La frase retumba hasta ahora en mi cabeza y para no morir de un aneurisma siento la inmensa necesidad de gritarle al mundo ¡Basta ya, estupidez humana, los cubanos en todos lados somos los mismos!
El amor a la patria y el sentido de pertenencia a la nación se van con uno a dondequiera, junto a la idiosincrasia que como cubanos nos distingue, y estos no guardan relación con afiliaciones políticas. Se puede amar a Cuba sin ser afín a la Revolución.
En adición, me atrevo a afirmar que tanto los cubanos residentes en la isla como los que viven en Estados Unidos, Australia, Sudáfrica, Irlanda, Corea del Sur y demás lugares donde han hallado cobijo, movemos los pies al escuchar la conga o el ritmo de Van Van, nos deleitamos ante un plato de arroz, frijoles negros, huevo frito y platanitos bien maduros, amarillitos. Lo mismo nos ocurre con el pan con aguacate acompañado de un batido de zapote o de mango.

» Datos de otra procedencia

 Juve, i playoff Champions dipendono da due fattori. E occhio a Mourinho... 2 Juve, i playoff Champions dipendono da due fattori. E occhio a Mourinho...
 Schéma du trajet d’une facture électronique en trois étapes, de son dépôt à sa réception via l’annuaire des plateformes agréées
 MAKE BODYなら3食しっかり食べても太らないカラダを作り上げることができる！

Los que viven afuera al pasar por una tienda y ver ropa en promoción piensan en comprársela a alguien que dejaron en el otro lado del mar. Es solo cobrar y correr a enviar dinero a través de la Western Union para que los padres, hermanos e hijos puedan comer un bistec de cerdo al menos en el almuerzo de los domingos.

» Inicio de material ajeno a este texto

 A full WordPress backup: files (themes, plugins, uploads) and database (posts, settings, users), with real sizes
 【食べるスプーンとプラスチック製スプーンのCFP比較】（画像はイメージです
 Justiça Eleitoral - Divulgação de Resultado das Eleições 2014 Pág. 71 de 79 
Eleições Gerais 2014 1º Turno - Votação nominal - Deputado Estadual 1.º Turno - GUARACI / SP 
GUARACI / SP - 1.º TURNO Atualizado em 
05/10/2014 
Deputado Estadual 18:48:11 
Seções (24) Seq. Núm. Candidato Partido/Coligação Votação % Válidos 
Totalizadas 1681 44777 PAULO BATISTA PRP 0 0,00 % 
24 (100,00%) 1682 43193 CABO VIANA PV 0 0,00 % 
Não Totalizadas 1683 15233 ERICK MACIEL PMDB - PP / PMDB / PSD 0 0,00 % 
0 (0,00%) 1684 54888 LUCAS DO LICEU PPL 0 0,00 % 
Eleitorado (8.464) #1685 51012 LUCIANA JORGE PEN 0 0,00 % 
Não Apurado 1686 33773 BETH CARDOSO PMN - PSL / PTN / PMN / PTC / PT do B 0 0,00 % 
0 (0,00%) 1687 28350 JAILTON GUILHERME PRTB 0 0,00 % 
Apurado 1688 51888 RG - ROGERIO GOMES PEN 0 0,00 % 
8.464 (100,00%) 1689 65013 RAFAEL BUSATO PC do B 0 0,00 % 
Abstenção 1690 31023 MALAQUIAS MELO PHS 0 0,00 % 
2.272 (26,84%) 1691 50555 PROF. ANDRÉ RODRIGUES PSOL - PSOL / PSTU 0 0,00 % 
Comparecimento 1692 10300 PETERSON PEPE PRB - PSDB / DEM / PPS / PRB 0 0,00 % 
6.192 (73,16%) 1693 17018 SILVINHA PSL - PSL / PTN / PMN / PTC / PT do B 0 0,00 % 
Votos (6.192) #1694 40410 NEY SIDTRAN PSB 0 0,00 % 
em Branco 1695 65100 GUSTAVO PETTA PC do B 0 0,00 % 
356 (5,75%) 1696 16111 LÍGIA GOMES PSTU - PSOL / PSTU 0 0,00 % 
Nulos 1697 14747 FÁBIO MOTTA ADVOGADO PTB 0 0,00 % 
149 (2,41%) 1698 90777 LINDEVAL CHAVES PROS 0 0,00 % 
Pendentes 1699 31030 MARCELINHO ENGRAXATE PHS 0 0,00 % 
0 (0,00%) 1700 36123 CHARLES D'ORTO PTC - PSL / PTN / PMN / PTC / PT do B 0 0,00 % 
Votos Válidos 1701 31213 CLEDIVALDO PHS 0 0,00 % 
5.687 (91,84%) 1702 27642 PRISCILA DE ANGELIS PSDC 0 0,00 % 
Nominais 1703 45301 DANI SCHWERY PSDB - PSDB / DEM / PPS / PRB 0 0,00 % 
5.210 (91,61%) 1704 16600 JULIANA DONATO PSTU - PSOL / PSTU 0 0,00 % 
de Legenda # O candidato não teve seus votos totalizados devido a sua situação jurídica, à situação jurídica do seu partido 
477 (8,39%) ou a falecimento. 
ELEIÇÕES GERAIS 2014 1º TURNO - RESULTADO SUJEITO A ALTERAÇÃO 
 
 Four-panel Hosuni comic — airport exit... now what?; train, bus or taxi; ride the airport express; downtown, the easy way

Dicharachos, bailar casino y reggaetón, chistes picantes, sensualidad, caldosa, el juego de dómino y reírse de los problemas forman parte de las fiestas en las dos orillas. En ambas salas se exhiben fotos de familia.

Bien es cierto que con la migración ha venido lo bueno, lo malo y lo regular. Hay quien llegó a la mitad del mundo a trabajar y quien vino a hacer negocios ilícitos, pero al final no deberían pagar justos por pecadores.